--- MATERIAL FOR THIS EXERCISE Enclosed Below ---

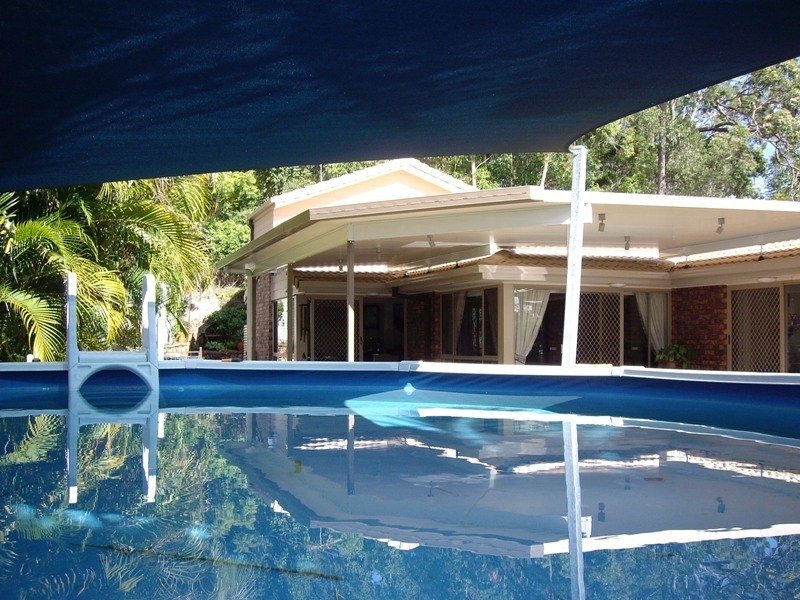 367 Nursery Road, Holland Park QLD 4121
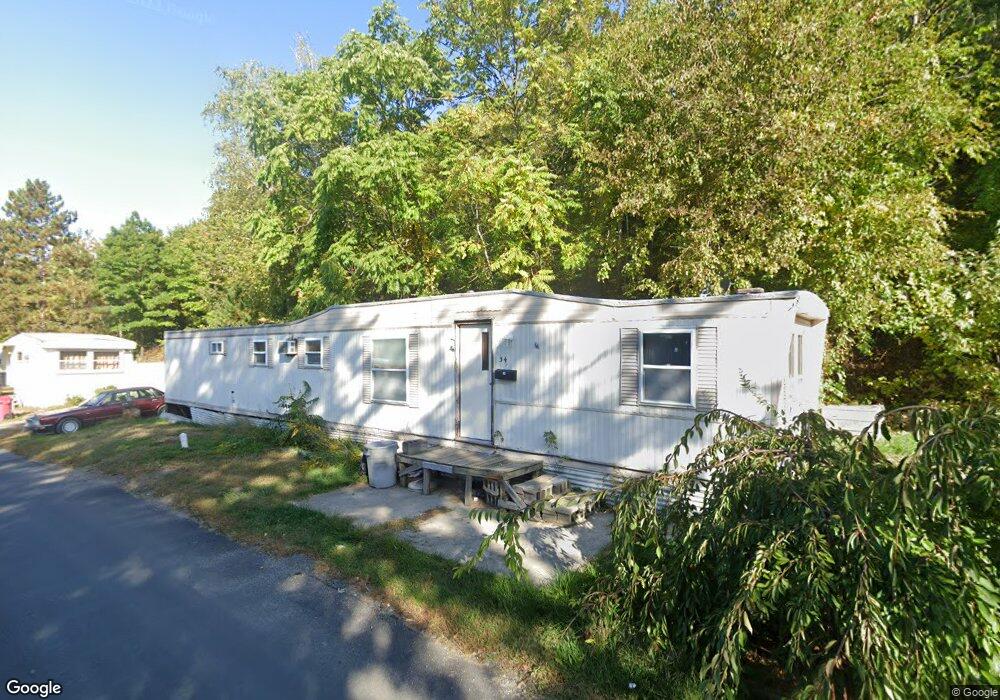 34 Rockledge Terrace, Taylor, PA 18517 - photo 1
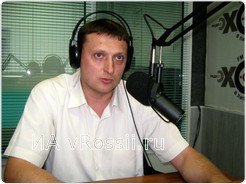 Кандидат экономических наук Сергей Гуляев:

--- End of Enclosed MATERIAL FOR THIS EXERCISE ---
--- MATERIAL FOR THIS EXERCISE Enclosed Below ---

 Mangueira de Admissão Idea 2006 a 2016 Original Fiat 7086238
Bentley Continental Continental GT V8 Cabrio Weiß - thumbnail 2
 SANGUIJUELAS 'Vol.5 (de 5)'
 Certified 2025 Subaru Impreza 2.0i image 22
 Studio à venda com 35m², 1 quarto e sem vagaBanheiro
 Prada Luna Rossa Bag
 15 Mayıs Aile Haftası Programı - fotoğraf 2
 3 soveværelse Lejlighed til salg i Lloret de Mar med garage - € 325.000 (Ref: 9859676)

--- End of Enclosed MATERIAL FOR THIS EXERCISE ---

▶ EXERCISE DESCRIPTION
Set down precisely the lines above between the line holding "15 Mayıs Aile Haftası Programı - fotoğraf 2" and the line holding "3 soveværelse Lejlighed", inclusive, and nothing beyond them.

▶ RESULT OF THE EXERCISE
 15 Mayıs Aile Haftası Programı - fotoğraf 2
 3 soveværelse Lejlighed til salg i Lloret de Mar med garage - € 325.000 (Ref: 9859676)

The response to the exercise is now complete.